À titre d’illustration, un contrat qui prévoirait uniquement une répartition géographique des travaux ou des modes de paiement variant entre les constructeurs ne permet pas à un membre du groupement de s’exonérer de sa responsabilité.
En l’espèce, l’acte d’engagement liant l’OPH de l’Aude et le groupement de maîtrise d’œuvre comporte, en annexe 1, un tableau de répartition de la rémunération qui prévoit une répartition des honoraires proportionnelle aux missions confiées à chacun des membres du groupement, et qui identifie précisément les titulaires de chaque élément de la mission de maîtrise d’œuvre. En vertu de ce document, la mission d’assistance lors des opérations de réception incombait uniquement au cabinet d’architectes et non à l’économiste.
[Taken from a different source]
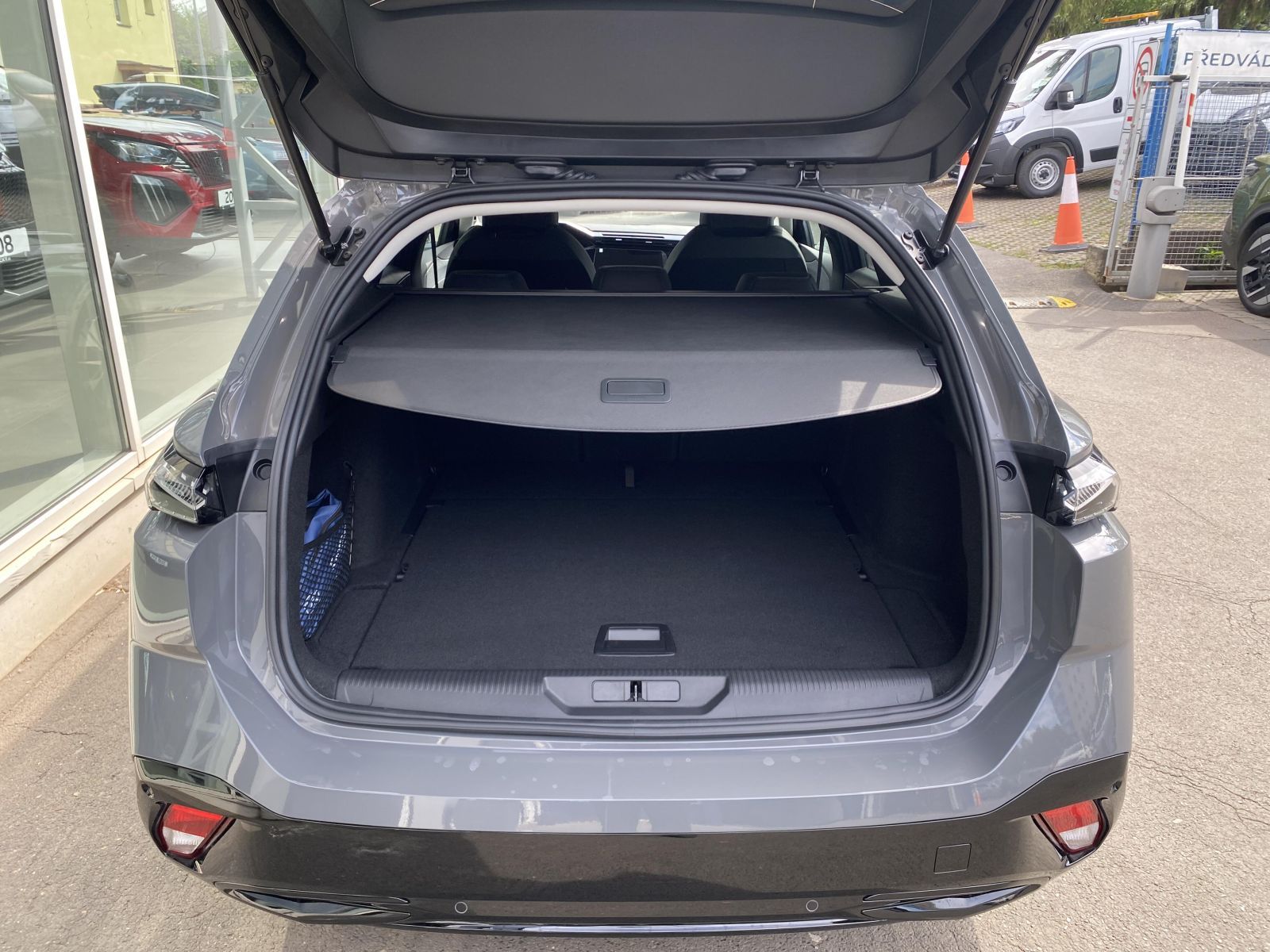 Peugeot 308, SW ALLURE 1.5 BHDi 130k EAT8 - fotka 5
De ce fait, la CAA, en se fondant sur la répartition des tâches prévue contractuellement entre les membres du groupement, juge que le manquement à son devoir de conseil, commis par la maîtrise d’œuvre lors de l’opération de réception de l’ouvrage, n’est imputable qu’au cabinet d’architectes.
(II) S’agissant ensuite des actions en garantie, fondées sur leur responsabilité quasi-délictuelle, formées entre co-maîtres d’œuvre, le juge administratif rappelle que ces derniers ne peuvent être solidairement condamnés à garantir l'un d'eux que si leur faute personnelle a concouru à la survenance d'un dommage commun.
Le juge doit rechercher, au regard du contrat de maîtrise d’œuvre conclu avec le maître d’ouvrage, si une faute est imputable à l’un ou l’autre des co-maîtres d’œuvre. En l’absence de tableau de répartition des tâches entre les maîtres d’œuvre, ceux-ci sont réputés être intervenus à tous les stades de la mission de maîtrise d’œuvre, et seront donc condamnés à indemniser à parts égales le préjudice subi par le maître d’ouvrage.
En l’espèce, la CAA constate, que les désordres litigieux touchant la villa n°4 sont imputables d’une part, au cabinet d’architecte au titre de sa mission complète de conception, de rédaction des pièces contractuelles des marchés de travaux, de suivi et de réception des travaux ; et d’autre part, à l’économiste au titre de sa mission de rédaction du cahier des charges du lot dédié au gros-œuvre.
Par conséquent, le juge estime que les fautes commises par les deux co-maîtres d’œuvre ont concouru à parts égales à la survenance des désordres. L’économiste est donc condamné à garantir le cabinet d’architectes à hauteur de la moitié de la condamnation mise à sa charge, pour manquement à son devoir de conseil.